2.3. Model Specimens

During the experimental study, the similarity ratio was 1:2. The diameter of the steel bar of the model cap and the base plate of the cap was 18 mm; the diameter of the other bars was 12 mm, as shown in Figure 5. To meet the requirements of the length of the longitudinal reinforcement, the bottom of the pier was provided with a perforated plug welding of the steel plate with the longitudinal reinforcement of the pier.

The specimens were poured with C70 concrete and filled with C40 concrete. The longitudinal steel bars were HRB400 steel bars, where 18 steel bars had a diameter of 20 mm in the outer ring and 9 steel bars had a diameter of 10 mm in the inner ring, and HPB300 spiral stirrups had a spacing of 100 mm.
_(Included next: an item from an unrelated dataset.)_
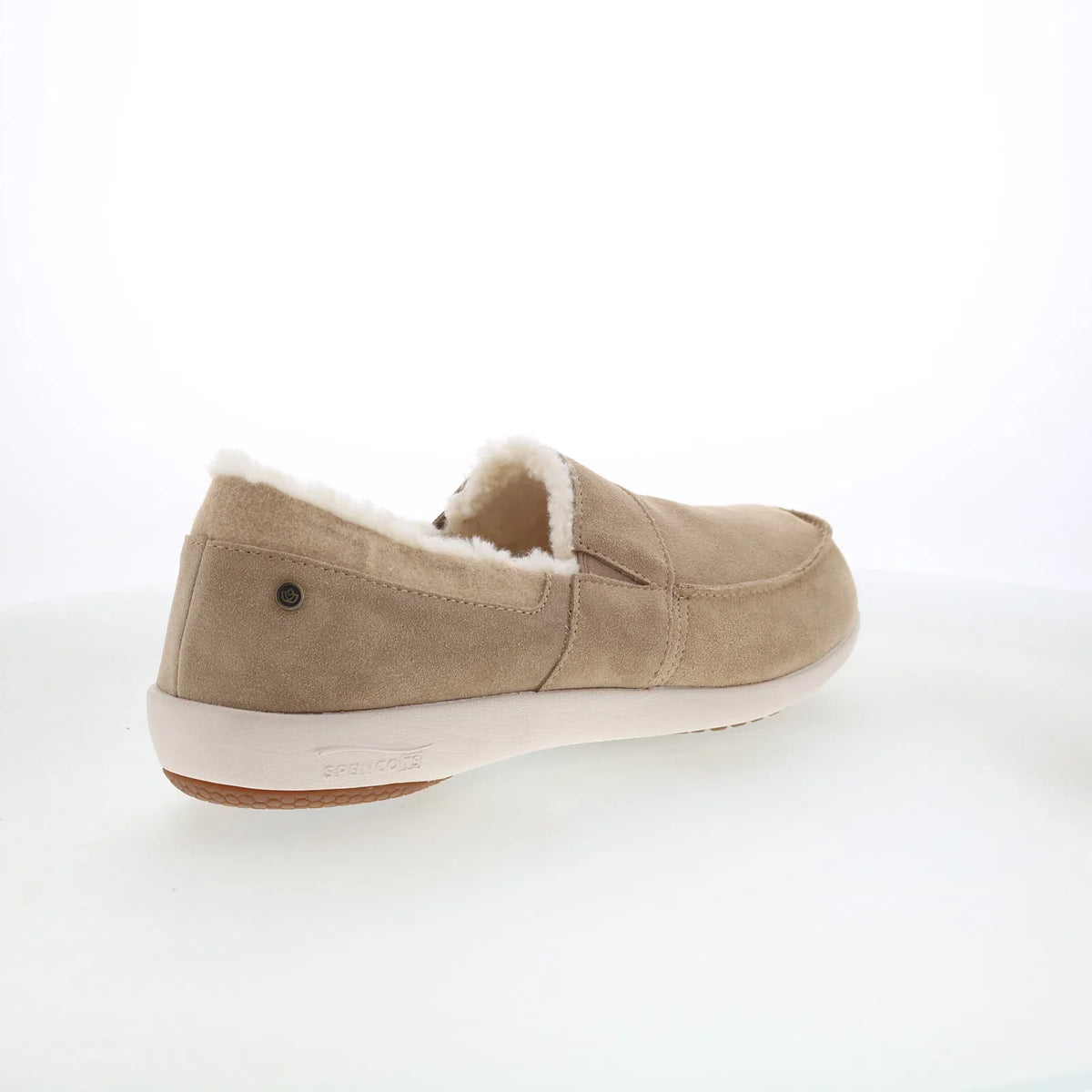 Spenco Fiesta Cozy Slip-On SP2009TAN Mens Brown Loafers Casual Shoes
The main reinforcement of the pier column and the steel end plate adopts perforated plug welding, the size of the steel end plate was the same as the section of the pier column, the thickness was 10 mm, and Q235 (Q235 indicates a steel plate with a yield strength of 235 MPa) steel was used. The structure diagram of the scaled pier column is shown in Figure 6.

3. Experimental Research

3.1. Specimen Design

In the whole research plan, seven specimens were included, and the research parameters included the depth of bearing insertion, the thickness of the base plate, and the construction method [7]. The focus of the paper was the vertical bearing capacity analysis of precast assembled piers; only specimen S7 was used, as shown in

Table 2. Specimen description.

Specimen	Pouring Method	Platform Height/mm	Socket Depth/D	Connection Method	Bottom Plate Thickness/mm
S1	cast-in-place	750	none
S2	prefabricated components	750	0.7	shear key	250
S7		750	0.7	shear key	0

. Specimen S7 is a precast pier and bearing platform specimen. The caps under the pier column were hollowed out, no bottom plate was provided, temporary supports were set under the caps, and high-strength non-shrinkage cement grouting material was poured. This study focused on the bearing capacity under vertical load, so only the test results of specimen S7 are introduced.
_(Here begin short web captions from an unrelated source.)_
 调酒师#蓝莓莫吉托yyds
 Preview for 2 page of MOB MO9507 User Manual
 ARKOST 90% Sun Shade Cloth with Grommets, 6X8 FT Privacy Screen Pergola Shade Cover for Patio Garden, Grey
Model construction and assembly were divided into three stages, which are the production of steel cages for pipe piers, the centrifugal forming of pipe piers, and the prefabrication and assembly of the caps. Some construction photos are shown in Figure 7.

3.2. The Test Loading Device and the Loading Process

Test loading equipment was a 10,000 kN electro-hydraulic servo multifunctional structural test system, as shown in Figure 8. The vertical loading capacity was 10,000 kN in compression and 3000 kN in tension. The maximum stroke was ±300 mm. The horizontal loading capacity was 1500 kN, and the maximum stroke was ±400 mm. The test force measurement range and indication accuracy were 4%–100%, and the displacement resolution was 0.01 mm. Specimen S7 was subjected to axial force by means of the force control and the loading rate was 50 kN/min. The specimen was loaded in axial pressure only and slowly increased until it was damaged. The load increment was about 500 kN, and it was necessary to hold the load and observe the cracks and damage process at each load step. Because of the limitation of the test loading capacity, the maximum loading capacity of the testing machine was 10,000 kN. When the central loading was used, the specimen was not damaged when it reached 10,000 kN, so eccentric loading was applied after unloading in order to obtain the damage pattern of the precast piers. At eccentric distances of 5 cm and 10 cm, the specimens were not damaged. Until the eccentricity of the specimen reached 12.5 cm, the pier was damaged.

3.3. Test Results

The specimen was subjected to axial compression loading. When the central compression axial pressure was loaded to 4500 kN, a micro-crack was found on the surface of the grouting material on the top surface of the bearing platform, and the crack width was 0.033 mm. When it was loaded to 10,000 kN, the maximum crack width of the grout was 0.08 mm. When the eccentric distance to the south side was changed to 5 cm, the bias loading was carried out. No cracks were found before the loading reached 3000 kN. When the load was 3500 kN, the original crack width of the grouting material was 0.04 mm; when the load was 7500 kN, the width of the first crack was 0.06 mm and the second crack appeared with a width of 0.024 mm. When it was loaded to 10,000 kN, the width of the first crack was 0.07 mm and the width of the second crack was 0.034 mm. Since the limit of the testing machine was reached, the eccentric distance was changed to 10 cm for bias loading. When the loading reached 3500 kN, the width of the first crack was 0.052 mm and the width of the second crack was 0.029 mm. When it was loaded to 10,000 kN, the width of the first crack was 0.072 mm and the width of the second crack was 0.046 mm. Then, the eccentric distance was changed to 12.5 cm for bias loading, and the loading reached 3500 kN; the width of the first crack was 0.06 mm and the width of the second crack was 0.04 mm. Continuing to load, horizontal cracks appeared on the tension side in the south, and vertical cracks appeared on the compression side in the north. When it reached about 9000 kN, there was an explosion, and a large piece of concrete on the compression side at the junction of the north side of the top of the pipe pier and the loading head peeled off, the concrete splashed, and the bearing capacity decreased. One longitudinal bar on the east side buckled, causing three stirrups to break; one longitudinal bar on the east side of the west side buckled, causing two stirrups to break. This shows that under eccentric compression, the unfilled hollow pipe pier becomes the weak link of the precast pipe pier. The damage mode is shown in Figure 9.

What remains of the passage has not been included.